**DATA:**
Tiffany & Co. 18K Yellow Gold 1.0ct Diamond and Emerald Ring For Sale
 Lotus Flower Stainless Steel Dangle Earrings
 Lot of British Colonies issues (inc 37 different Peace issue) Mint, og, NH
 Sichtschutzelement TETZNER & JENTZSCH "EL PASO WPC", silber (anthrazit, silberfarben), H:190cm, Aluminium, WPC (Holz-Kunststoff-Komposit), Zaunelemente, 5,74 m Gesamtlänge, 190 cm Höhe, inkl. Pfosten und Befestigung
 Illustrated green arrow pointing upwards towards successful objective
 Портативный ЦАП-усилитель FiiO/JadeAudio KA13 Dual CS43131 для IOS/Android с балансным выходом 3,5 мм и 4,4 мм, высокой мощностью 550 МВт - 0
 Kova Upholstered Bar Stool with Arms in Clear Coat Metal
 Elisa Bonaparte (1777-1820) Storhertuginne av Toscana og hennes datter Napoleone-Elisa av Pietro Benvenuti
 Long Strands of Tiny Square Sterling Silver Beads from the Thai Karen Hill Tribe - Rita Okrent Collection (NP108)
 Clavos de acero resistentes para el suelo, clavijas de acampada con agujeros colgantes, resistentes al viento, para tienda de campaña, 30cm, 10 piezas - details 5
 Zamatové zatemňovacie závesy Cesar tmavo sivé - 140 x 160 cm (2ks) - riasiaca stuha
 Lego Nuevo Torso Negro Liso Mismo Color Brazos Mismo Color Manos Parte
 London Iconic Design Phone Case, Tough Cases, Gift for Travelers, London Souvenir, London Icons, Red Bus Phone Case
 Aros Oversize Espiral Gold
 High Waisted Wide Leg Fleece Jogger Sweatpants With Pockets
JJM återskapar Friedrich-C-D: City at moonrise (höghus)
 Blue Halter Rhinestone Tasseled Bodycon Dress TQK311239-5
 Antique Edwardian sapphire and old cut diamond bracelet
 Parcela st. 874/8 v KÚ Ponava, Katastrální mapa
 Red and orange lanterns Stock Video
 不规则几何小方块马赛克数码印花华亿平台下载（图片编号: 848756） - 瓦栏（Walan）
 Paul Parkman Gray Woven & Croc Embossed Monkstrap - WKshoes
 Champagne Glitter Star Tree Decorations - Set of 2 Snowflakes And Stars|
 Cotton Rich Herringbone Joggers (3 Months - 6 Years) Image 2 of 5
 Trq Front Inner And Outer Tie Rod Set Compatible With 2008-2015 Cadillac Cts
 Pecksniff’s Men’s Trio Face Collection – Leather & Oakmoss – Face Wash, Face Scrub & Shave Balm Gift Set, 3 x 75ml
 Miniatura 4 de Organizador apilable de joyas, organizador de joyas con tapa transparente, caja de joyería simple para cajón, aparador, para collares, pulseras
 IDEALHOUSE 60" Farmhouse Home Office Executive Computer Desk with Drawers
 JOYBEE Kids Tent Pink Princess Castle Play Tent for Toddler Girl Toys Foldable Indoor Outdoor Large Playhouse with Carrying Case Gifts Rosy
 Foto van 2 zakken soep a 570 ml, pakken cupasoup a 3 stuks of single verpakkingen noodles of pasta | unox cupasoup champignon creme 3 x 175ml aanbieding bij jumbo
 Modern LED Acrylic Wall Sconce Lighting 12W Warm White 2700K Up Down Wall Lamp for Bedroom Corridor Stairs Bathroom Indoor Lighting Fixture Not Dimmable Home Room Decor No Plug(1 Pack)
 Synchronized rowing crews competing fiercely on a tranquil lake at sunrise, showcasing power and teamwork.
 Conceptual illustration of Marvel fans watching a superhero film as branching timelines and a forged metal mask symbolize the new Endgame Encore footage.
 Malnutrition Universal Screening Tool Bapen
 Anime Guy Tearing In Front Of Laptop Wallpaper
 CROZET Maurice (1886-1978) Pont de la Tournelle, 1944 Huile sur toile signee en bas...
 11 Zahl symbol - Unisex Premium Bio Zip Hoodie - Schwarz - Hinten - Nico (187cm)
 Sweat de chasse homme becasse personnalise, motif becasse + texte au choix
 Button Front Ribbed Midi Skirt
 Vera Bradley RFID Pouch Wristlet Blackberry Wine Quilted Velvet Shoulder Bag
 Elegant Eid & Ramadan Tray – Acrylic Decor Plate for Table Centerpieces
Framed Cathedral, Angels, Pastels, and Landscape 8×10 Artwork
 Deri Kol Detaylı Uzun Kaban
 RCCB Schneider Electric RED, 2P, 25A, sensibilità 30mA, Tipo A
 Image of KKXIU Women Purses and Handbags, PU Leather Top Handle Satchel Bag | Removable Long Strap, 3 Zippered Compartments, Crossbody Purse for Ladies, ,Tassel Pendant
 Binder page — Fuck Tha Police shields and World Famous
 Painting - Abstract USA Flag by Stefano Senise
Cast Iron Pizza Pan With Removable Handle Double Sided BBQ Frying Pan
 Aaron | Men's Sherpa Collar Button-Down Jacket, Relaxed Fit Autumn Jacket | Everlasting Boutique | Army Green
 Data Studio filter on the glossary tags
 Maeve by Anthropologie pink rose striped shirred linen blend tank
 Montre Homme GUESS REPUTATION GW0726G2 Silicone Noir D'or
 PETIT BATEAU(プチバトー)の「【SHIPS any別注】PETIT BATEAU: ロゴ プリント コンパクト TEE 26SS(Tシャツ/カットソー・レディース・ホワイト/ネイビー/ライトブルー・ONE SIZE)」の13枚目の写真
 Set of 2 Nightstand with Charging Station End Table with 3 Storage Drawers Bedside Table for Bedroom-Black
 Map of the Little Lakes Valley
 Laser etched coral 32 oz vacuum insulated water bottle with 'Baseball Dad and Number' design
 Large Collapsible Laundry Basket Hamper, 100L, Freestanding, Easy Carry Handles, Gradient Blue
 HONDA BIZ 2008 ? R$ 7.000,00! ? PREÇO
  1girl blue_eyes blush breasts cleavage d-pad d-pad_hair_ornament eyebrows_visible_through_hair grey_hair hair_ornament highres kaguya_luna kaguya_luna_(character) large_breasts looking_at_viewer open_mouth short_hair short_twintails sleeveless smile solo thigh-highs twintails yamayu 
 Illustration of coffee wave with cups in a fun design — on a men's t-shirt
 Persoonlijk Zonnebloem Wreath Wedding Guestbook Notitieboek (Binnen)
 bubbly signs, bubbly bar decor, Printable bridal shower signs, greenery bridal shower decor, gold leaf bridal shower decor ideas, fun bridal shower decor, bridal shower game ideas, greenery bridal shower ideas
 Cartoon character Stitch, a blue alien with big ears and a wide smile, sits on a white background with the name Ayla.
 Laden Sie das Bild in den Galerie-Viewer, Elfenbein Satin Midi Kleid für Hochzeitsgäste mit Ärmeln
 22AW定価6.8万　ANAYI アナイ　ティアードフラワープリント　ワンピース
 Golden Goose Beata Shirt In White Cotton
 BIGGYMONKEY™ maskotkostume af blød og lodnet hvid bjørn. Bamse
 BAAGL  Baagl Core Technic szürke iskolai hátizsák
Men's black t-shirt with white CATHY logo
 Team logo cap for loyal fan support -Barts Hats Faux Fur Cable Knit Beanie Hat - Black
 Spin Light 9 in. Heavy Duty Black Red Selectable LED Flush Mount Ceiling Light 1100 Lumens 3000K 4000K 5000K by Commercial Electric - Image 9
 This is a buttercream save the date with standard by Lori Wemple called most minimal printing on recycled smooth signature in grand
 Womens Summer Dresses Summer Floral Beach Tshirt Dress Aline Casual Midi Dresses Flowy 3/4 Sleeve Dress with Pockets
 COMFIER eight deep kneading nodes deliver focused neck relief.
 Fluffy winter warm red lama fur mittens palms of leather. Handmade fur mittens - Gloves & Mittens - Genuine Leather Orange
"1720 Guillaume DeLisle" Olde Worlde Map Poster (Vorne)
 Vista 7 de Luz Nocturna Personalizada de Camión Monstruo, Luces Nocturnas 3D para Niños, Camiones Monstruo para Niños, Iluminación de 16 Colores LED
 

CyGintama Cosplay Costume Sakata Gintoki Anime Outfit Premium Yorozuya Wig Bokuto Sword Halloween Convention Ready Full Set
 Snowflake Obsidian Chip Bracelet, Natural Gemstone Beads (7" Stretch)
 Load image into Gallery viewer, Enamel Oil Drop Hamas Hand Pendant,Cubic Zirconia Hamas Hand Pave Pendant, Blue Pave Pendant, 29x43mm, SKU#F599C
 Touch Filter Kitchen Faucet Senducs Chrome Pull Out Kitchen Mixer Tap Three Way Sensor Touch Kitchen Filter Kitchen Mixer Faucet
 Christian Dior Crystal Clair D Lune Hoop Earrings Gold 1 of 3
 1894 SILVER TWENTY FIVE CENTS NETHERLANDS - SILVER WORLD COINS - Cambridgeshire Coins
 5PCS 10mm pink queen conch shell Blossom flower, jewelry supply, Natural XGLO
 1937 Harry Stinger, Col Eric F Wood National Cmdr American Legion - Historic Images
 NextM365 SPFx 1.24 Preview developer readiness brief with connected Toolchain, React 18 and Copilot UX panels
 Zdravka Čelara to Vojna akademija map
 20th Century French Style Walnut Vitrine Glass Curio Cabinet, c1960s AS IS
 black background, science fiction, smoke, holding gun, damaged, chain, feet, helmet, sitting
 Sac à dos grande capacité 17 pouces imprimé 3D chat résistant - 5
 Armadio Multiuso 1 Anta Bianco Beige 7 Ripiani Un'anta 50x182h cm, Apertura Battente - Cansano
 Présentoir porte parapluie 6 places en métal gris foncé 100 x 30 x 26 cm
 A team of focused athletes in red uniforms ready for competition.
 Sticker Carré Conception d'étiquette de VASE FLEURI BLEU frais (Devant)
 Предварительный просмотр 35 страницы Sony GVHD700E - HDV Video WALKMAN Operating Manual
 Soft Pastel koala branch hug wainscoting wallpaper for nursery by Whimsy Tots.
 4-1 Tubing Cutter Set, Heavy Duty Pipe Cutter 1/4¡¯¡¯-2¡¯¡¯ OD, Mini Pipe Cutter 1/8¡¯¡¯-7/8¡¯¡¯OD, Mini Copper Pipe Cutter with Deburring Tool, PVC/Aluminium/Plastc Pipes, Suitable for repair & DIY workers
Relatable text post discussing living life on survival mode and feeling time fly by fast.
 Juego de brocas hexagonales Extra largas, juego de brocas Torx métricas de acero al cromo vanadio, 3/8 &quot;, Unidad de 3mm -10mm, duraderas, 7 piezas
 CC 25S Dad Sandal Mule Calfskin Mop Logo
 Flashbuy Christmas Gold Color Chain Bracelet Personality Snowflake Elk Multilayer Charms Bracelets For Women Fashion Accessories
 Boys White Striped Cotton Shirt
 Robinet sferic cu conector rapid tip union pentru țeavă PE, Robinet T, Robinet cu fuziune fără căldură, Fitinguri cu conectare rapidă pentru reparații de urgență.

**WHAT THE TASK REQUIRES:**
Each line from the material above that mentions the word "Collection" needs to be copied.

**TASK RESULT:**
 Long Strands of Tiny Square Sterling Silver Beads from the Thai Karen Hill Tribe - Rita Okrent Collection (NP108)
 Pecksniff’s Men’s Trio Face Collection – Leather & Oakmoss – Face Wash, Face Scrub & Shave Balm Gift Set, 3 x 75ml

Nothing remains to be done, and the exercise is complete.